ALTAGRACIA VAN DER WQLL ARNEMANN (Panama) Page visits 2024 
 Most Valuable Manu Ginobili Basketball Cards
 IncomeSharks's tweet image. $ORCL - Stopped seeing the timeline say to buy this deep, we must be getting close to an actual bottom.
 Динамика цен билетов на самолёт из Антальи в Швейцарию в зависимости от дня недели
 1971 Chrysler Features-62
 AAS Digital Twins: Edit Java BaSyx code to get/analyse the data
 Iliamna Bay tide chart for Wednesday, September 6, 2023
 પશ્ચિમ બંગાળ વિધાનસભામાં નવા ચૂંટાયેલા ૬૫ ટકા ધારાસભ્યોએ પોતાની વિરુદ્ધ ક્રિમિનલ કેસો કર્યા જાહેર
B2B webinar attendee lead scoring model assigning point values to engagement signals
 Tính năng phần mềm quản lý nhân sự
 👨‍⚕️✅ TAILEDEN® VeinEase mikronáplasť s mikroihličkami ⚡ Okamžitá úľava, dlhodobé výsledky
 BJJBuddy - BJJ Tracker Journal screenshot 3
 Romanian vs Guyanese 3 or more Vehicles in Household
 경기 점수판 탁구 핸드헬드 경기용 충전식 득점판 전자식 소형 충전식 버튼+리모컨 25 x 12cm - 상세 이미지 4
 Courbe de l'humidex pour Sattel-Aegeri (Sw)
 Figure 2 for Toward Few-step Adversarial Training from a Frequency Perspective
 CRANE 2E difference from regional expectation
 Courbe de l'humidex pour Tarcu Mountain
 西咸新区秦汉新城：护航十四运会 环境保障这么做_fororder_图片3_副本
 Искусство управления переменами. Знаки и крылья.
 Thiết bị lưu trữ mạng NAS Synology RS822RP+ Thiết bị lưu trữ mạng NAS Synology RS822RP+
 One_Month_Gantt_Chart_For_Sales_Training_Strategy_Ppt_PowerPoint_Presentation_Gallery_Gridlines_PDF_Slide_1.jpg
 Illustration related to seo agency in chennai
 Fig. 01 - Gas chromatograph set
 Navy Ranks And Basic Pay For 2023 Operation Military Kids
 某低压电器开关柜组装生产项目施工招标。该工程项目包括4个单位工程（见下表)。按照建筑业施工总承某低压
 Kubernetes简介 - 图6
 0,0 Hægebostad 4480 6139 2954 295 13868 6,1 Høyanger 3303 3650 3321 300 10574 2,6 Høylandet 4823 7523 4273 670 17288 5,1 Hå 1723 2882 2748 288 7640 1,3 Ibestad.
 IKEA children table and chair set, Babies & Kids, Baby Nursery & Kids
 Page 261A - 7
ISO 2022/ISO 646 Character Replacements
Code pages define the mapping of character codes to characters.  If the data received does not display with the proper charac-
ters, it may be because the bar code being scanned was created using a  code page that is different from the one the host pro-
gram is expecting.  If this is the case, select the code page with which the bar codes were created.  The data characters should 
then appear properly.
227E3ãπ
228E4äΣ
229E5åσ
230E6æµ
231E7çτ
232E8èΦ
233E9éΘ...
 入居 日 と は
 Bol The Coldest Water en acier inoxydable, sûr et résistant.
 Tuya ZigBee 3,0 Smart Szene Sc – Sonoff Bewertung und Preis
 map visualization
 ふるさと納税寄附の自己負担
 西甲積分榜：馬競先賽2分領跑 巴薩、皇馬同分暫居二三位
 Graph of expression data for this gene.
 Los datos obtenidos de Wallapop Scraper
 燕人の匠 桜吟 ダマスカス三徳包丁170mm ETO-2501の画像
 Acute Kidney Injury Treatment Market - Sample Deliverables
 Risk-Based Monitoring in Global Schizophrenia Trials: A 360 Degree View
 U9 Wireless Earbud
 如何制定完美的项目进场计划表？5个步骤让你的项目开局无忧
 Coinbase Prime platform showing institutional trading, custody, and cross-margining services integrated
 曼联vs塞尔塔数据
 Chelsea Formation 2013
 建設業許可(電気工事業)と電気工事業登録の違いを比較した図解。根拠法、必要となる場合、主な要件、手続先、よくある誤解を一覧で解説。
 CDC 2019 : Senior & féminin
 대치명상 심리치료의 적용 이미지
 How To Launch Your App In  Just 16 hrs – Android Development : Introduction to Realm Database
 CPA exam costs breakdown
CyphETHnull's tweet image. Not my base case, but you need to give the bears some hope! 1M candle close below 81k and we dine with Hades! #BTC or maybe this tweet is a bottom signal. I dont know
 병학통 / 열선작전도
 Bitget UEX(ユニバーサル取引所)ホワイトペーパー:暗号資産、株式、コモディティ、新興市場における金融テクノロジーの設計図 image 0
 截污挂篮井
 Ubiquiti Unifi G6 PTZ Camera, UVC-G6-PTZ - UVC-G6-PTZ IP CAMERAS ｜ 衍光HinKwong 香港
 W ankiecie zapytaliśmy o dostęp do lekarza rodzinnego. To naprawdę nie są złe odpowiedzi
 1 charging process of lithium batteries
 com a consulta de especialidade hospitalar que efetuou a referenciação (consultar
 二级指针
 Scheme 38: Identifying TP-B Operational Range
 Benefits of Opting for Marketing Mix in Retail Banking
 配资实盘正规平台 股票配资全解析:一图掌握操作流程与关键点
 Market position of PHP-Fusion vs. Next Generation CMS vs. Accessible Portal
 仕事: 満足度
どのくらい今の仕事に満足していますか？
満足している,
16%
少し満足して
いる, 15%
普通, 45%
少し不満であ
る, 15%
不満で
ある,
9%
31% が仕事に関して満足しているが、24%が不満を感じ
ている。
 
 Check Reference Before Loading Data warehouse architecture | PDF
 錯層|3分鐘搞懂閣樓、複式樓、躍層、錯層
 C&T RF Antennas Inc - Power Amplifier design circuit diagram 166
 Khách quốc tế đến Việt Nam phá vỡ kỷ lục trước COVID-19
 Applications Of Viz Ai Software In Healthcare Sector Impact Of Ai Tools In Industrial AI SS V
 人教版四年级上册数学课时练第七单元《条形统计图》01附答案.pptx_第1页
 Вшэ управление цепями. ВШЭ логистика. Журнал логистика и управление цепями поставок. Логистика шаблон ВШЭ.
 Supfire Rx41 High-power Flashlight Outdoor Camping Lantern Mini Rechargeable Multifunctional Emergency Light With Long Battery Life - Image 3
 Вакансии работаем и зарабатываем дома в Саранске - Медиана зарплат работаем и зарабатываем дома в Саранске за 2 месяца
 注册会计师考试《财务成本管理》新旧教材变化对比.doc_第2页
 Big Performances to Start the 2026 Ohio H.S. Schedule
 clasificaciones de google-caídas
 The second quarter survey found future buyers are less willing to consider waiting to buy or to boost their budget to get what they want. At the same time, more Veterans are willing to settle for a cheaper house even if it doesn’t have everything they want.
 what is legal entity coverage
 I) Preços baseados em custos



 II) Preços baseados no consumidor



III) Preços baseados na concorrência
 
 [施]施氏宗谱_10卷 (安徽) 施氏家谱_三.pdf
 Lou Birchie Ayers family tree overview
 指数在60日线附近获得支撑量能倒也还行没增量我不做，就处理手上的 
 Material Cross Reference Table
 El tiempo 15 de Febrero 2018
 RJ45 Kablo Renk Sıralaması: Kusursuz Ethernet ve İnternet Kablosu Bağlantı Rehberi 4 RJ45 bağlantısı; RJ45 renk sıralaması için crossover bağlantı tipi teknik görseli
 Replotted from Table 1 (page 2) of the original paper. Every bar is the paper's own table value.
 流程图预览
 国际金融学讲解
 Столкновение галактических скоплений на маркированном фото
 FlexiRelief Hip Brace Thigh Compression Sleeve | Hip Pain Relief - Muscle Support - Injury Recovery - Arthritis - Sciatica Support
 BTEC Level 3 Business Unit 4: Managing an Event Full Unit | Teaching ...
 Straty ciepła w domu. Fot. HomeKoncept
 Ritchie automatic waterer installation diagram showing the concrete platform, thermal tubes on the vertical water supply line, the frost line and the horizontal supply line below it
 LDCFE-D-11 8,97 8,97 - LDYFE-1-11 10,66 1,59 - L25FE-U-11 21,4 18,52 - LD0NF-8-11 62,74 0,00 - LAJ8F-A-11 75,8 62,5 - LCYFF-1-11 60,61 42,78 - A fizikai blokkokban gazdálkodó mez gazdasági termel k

• • • • • • •

Only the lines above from the line with "Romanian vs Guyanese" to the line with "Fig. 01 - Gas chromatograph set", those two lines included, should be reproduced exactly.

Solution to the problem »
 Romanian vs Guyanese 3 or more Vehicles in Household
 경기 점수판 탁구 핸드헬드 경기용 충전식 득점판 전자식 소형 충전식 버튼+리모컨 25 x 12cm - 상세 이미지 4
 Courbe de l'humidex pour Sattel-Aegeri (Sw)
 Figure 2 for Toward Few-step Adversarial Training from a Frequency Perspective
 CRANE 2E difference from regional expectation
 Courbe de l'humidex pour Tarcu Mountain
 西咸新区秦汉新城：护航十四运会 环境保障这么做_fororder_图片3_副本
 Искусство управления переменами. Знаки и крылья.
 Thiết bị lưu trữ mạng NAS Synology RS822RP+ Thiết bị lưu trữ mạng NAS Synology RS822RP+
 One_Month_Gantt_Chart_For_Sales_Training_Strategy_Ppt_PowerPoint_Presentation_Gallery_Gridlines_PDF_Slide_1.jpg
 Illustration related to seo agency in chennai
 Fig. 01 - Gas chromatograph set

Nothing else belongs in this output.